__DATA SHOWN__
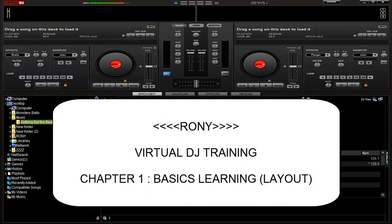Hello, this is Roni and welcome to Chapter 1 of the Virtual DJ Basics Training.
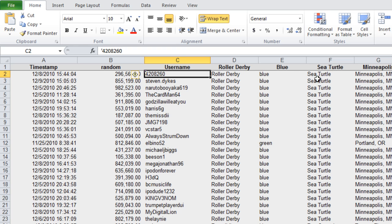Roller Derby, Blue, Sea Turtle, Minneapolis. That looks pretty good. Alright, so that is user 4208260.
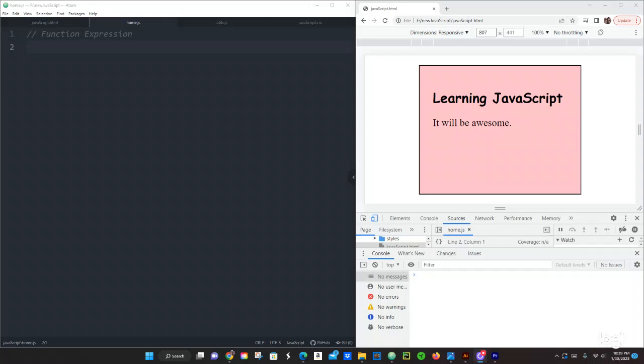What up guys, this is Pastor Cano again. We're coming up with another tutorial, another video in JavaScript, and tonight we're going to be talking about function expressions.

__WHAT THE TASK ASKS__
Your output should be the lines from the line containing "Roller Derby, Blue, Sea" through the last line of the listing above, restated exactly, with no pictures among them.

__ANSWER BOX__
Roller Derby, Blue, Sea Turtle, Minneapolis. That looks pretty good. Alright, so that is user 4208260.
What up guys, this is Pastor Cano again. We're coming up with another tutorial, another video in JavaScript, and tonight we're going to be talking about function expressions.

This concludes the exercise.